The Centre for Higher Education (CHE) (Centrum für Hochschulentwicklung) is a German organization dedicated to higher education reform. Founded in 1994 by the Bertelsmann Stiftung and the German Rectors' Conference as a non-profit limited liability company, it is best known to the public for its published university rankings.

== History ==
The institution was founded as a gGmbH by the Bertelsmann Stiftung and the German Rectors' Conference in Gütersloh on 9 February 1994 and commenced operations on 1 May 1994. In 1996, Detlef Muller-Boling was head of the CHE. The Executive Director is Frank Ziegele (until 2021 together with Jörg Dräger).

An advisory board advises the centre on its content. The members of the advisory board include Walter Rosenthal, Carsten Könneker, Anne Lequy and Birgitta Wolff.

== CHE University Ranking ==

Introduced in 1998, the annual CHE University Ranking is the most comprehensive ranking of German universities and Fachhochschulen.

== Criticism ==
CHE has been criticized for lobbying the media, politics and society to increase the acceptance of tuition fees and "elite" universities. The relationship between CHE and Bertelsmann is seen as particularly problematic.

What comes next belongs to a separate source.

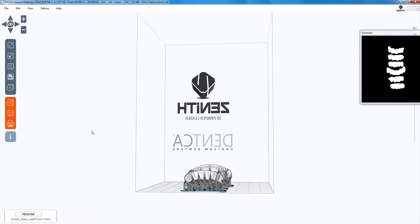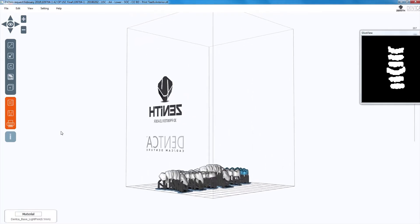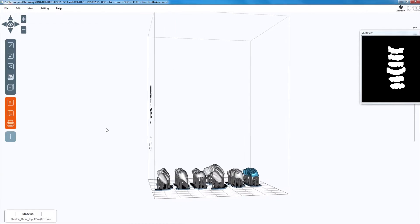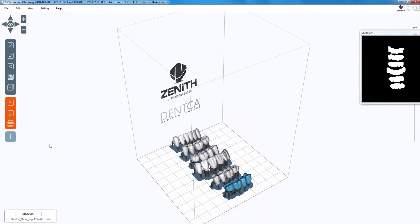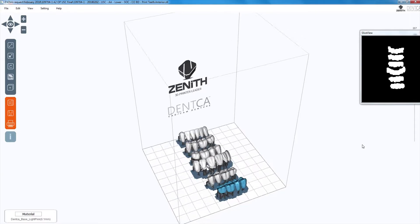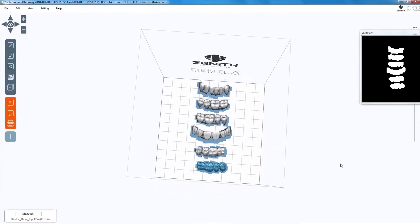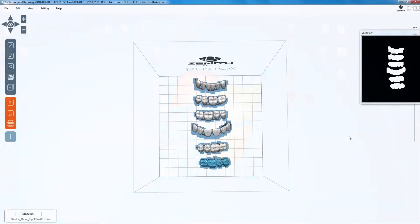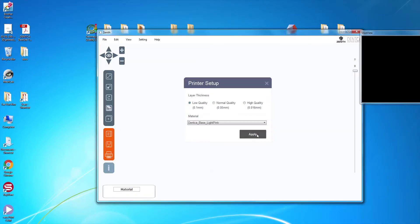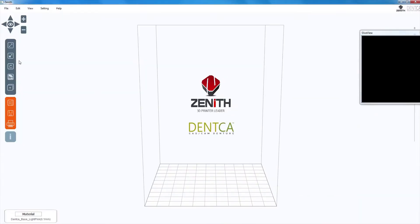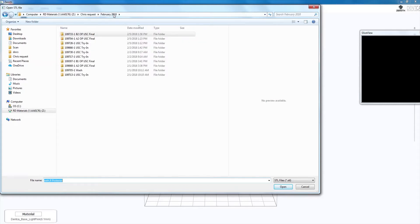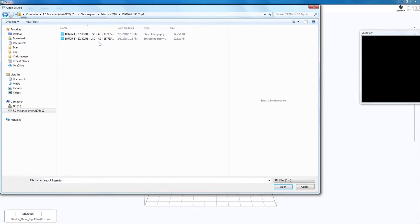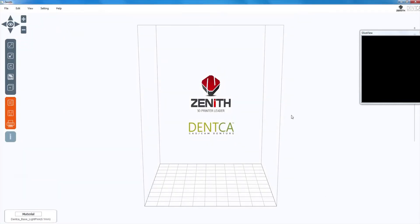When finished, your design files should look like this. If doing a trine, follow the same steps as the ones described for the denture base support generation. When setting up, ensure that the teeth are facing up and place them on a 3 to 4 degree angulation.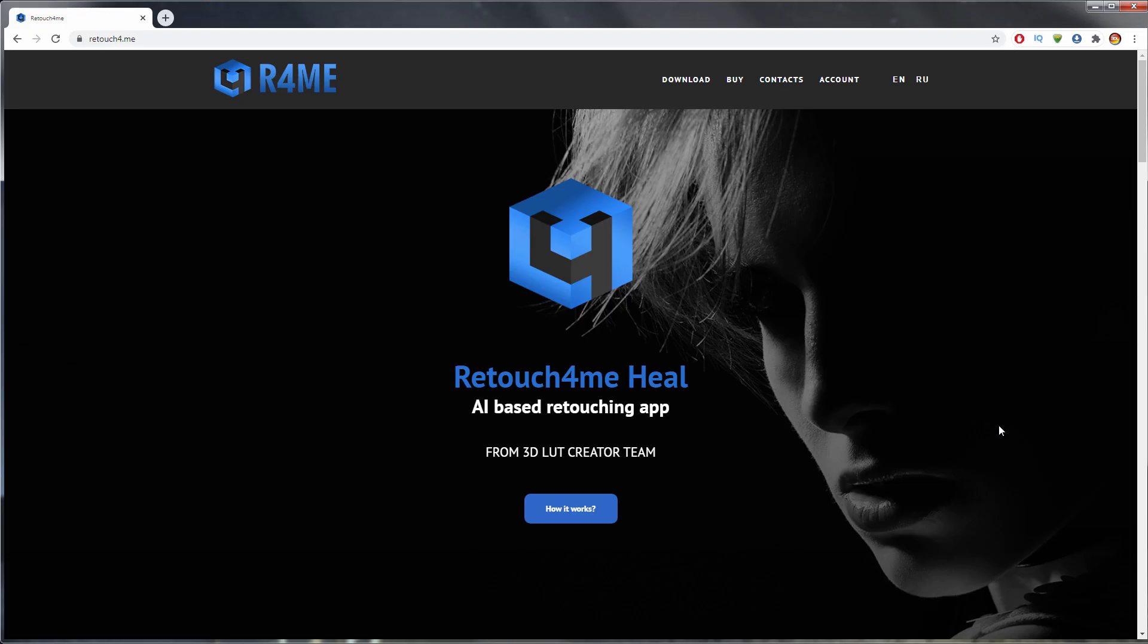Hello, I'm happy to tell you that the retouching application from 3DLUT Creator team has finally been released. The application is called retouch4meHeal.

Since CHE is largely financed by the Bertelsmann Stiftung, which is the majority owner of Bertelsmann, critics doubt the sociopolitical neutrality and non-profit nature of the institution and assume that CHE's policies are significantly influenced by the interests and ideas of the media corporation. For example, the main content of the North Rhine-Westphalia Higher Education Freedom Act, which aimed to denationalise universities, was formulated by the CHE and adopted by the FDP education minister, Andreas Pinkwart, in largely the same form in the government draft.